“The achievement of long-term success will not depend on having the biggest branch network in the future,” Thomas Gottstein, head of Credit Suisse’s Swiss Universal Bank (SUB) unit, said without elaborating on any branch closures.
“Instead, having the best digital offering – combined with access to advice from any location and the best service quality – will be the deciding factor,” he said in a statement.
The Zurich-based bank is creating a new business area, called Direct Banking, for retail and commercial clients, starting on Sept. 1 while carving out its Swiss investment banking operations into a separately managed unit.
In total, investments “in the high three-digit million range” through 2021 will include boosting the Swiss unit’s digital offering, hiring client advisers, marketing and sponsorships, Credit Suisse said.
Beyond digital services, Credit Suisse said it planned increased telephone advisory services and “the provision of personal advice in the regional network of branches”.
More details about the new branch concept would be provided in the first half of 2020, the bank said.
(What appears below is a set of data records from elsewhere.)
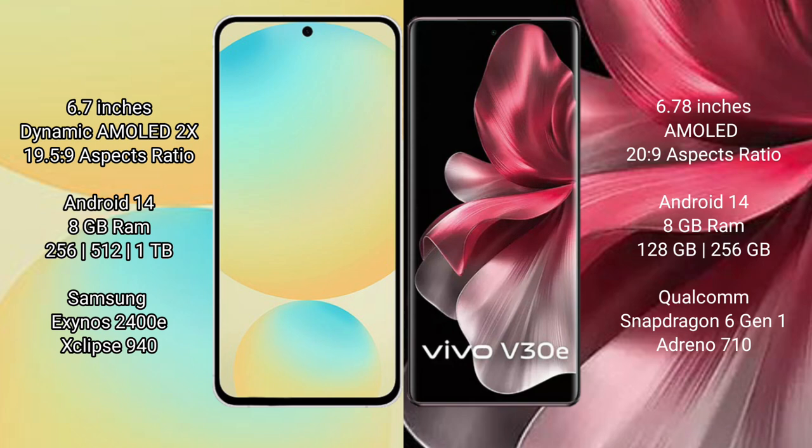Samsung Galaxy S24 FE runs on the Android 14 operating system. Vivo V30E also runs on the Android 14 operating system. Samsung Galaxy S24 FE comes with 8GB RAM and 128GB, 256GB, or 512GB internal storage.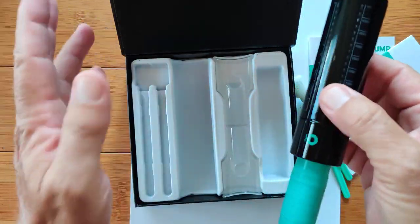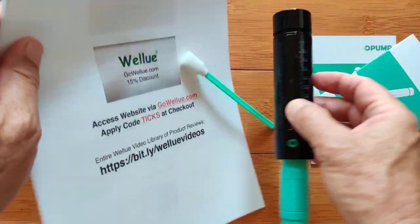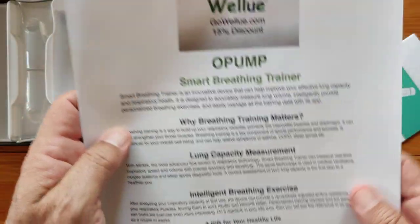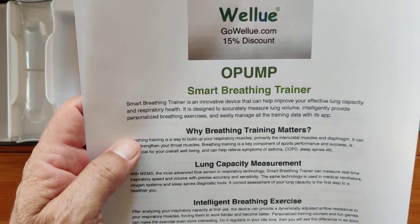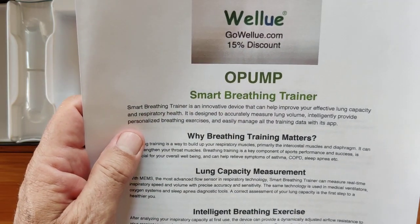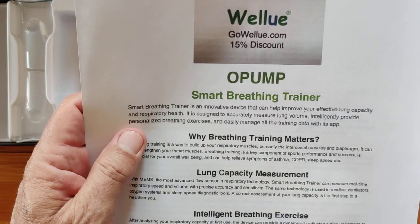It sounds like something really simple to use, but in reality it's quite complex because it actually will adjust itself automatically to your breathing capabilities. What is a smart breathing trainer? It's an innovative device that can help you improve your effective lung capacity and respiratory health.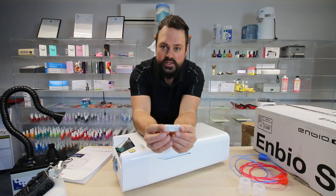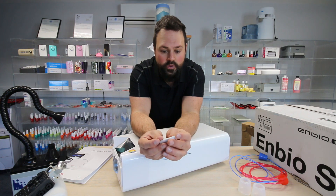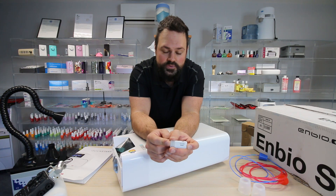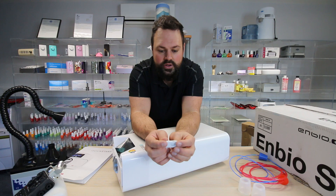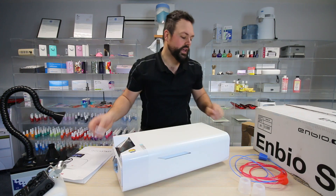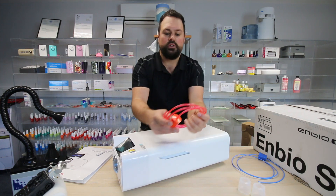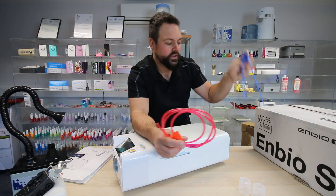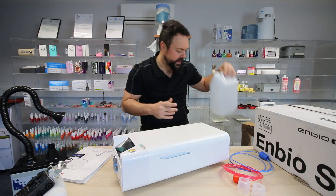You get the all-important USB stick — this is the brains of the operation. There's software on here, there's user manuals, there's a lovely installation video. Very useful. Rather than having to read through a massive thick binder book, everything is on this USB stick. You get two tubes — a red tube and a blue tube. The red tube puts your water out, and the blue tube takes your water in. You'll want a canister like this.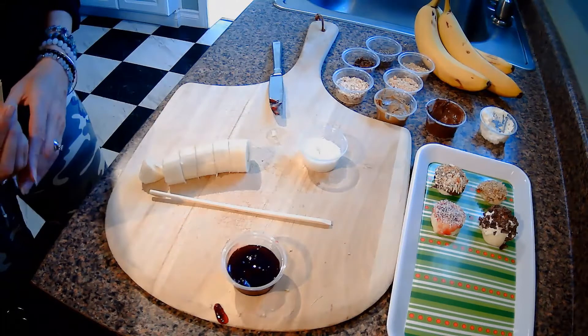Look at how nice they look here. I'm going to keep making some combinations that sound good to me, and we'll see what combinations sound good to you. When we get done, we will try to use our chopsticks to pick them up and eat them and see which ones turned out really good.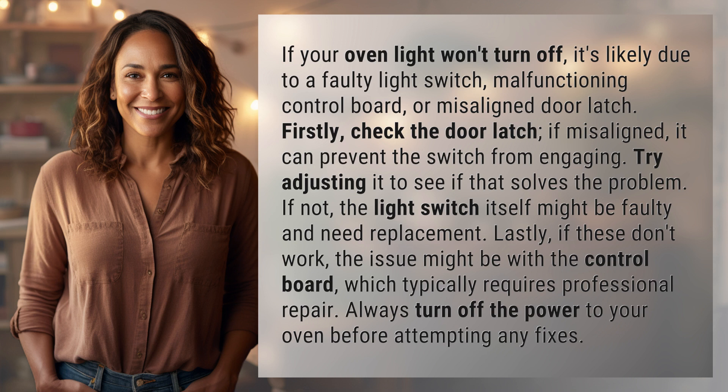Firstly, check the door latch. If misaligned, it can prevent the switch from engaging. Try adjusting it to see if that solves the problem. If not, the light switch itself might be faulty and need replacement.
Credit Suisse’s new Direct Banking would have about 1 million retail clients, 60,000 commercial clients, and more than 500 employees and would be run by Mario Crameri, Credit Suisse said.
YOUTH, RETAIL LAG“Credit Suisse’s market share tends to be lower in Swiss retail banking and among young bank clients than in most other client segments,” it said.
“Against this backdrop, Credit Suisse has decided to adjust the business model of its Swiss division and to make substantial investments.”
The bank said it also planned investment in digital solutions for areas with a strong advisory focus, particularly for wealthy clients, entrepreneurs, companies and institutional clients.
The Swiss division is sticking with financial targets communicated at Credit Suisse’s 2018 investor day: above-market growth in revenue and client business volume, a cost-to-income ratio of less than 60%, further profitable growth over the medium term and a return on regulatory capital of more than 18%.
The Swiss Universal Bank, which in 2015 was targeted for a now-shelved partial IPO as Credit Suisse sought to raise cash, has increased its pre-tax income from to 2.2 billion Swiss francs ($2.26 billion) in 2018, from 1.6 billion francs, over the last three years.
The cost/income ratio improved from 68% to 58% over the period, Credit Suisse said.